Essere e Apparire - di Mons. G.B. Chiaradia

Lo scontro frontale dell'Io

06/11/2010
Ogni mattina prima di uscire di casa e iniziare a farsi vedere, camminare, fare, dire, decidere, uno sguardo allo specchio e ti vedi strano, con gli occhi spenti, anzi, densi di paura, le mani che con un tremolio ti fanno cascare le chiavi di casa… chissà perché.
"Ma, cosa mi succede?", pensi… Ma lo sai, sei scivolato nella notte o il giorno prima o un mese fa, non in una buccia di banana, ma in qualche cosa d'altro.
Macché, cosa da nulla! Succede!, ti dici, ma mentre lo dici il tremolio della mano s'accentua e al portone di casa non riesci a firmare la cedola del postino che ti ha portato una raccomandata.
Che cosa ti è successo? Lo sai bene. E non è la prima volta. Eppoi, che male c'è?
Mentre lo dici, sei giunto al posto di lavoro; ti senti un fuoco in viso di cui s'accorge il segretario: "Dottò, che gli succede? Cià mica l'influenza?"
Lo sai bene che non si tratta di influenza o altro, è quella cosa o quelle cose che vorresti togliere di mezzo e non ci riesci. Pensi a quella bimba, tua figlia, di tre anni che ti punta addosso gli occhioni, che hai baciato prima di uscire di casa.
Sai che cosa ti succede, ti perseguita, ti interroga incessantemente?
La "vergogna" è uno degli atteggiamenti elementari della vita, sorella della paura.
A partire da Omero, Epiteto, che spesso nomino perché sono i nonni della nostra letteratura, l'esistenza umana in toto è minacciata da potenze sovrumane, destini, divinità, demoni.

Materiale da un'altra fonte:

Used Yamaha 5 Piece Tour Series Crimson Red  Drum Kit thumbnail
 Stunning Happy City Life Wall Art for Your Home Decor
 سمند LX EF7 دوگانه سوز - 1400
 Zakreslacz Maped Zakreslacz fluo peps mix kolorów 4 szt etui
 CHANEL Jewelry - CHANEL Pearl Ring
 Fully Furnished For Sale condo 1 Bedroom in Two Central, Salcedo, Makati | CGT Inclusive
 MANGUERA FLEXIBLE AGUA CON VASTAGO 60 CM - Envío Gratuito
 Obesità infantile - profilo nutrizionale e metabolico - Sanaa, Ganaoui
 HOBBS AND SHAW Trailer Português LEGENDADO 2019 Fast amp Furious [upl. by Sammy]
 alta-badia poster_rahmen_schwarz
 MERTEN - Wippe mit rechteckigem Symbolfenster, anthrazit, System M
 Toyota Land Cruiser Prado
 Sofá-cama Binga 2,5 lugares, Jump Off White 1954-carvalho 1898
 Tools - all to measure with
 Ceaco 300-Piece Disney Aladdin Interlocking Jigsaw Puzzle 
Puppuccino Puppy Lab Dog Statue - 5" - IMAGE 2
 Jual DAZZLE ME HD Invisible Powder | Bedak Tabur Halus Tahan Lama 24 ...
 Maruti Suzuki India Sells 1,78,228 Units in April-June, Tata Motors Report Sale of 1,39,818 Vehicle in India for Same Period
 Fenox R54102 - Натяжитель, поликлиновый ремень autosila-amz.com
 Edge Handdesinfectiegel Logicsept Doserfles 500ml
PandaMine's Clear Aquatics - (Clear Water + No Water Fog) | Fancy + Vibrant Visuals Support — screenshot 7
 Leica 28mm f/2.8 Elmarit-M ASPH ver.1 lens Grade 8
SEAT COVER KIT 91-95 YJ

Oggi, la vergogna, dagli studiosi di psicofisica dell'individuo, è intesa come il rincrescimento di essere disonorato con il pericolo di essere esposto alla derisione della famiglia e della società. Questo nell'aspetto sociologico.
Omero usa il termine "aiscros" = vergogna, nel significato di sporco, sia in senso letterale che in senso metaforico. Nell'Antico Testamento il salmista ne parla nei Salmi 6,10; 35,26… ecc. e i profeti annunciano la vergogna dei nemici e degli empi come giudizio di Dio (Is. 29).
C'è una stranezza in tutti i tempi. La persona si vergogna di fare il segno di Croce quando passa un funerale, una processione.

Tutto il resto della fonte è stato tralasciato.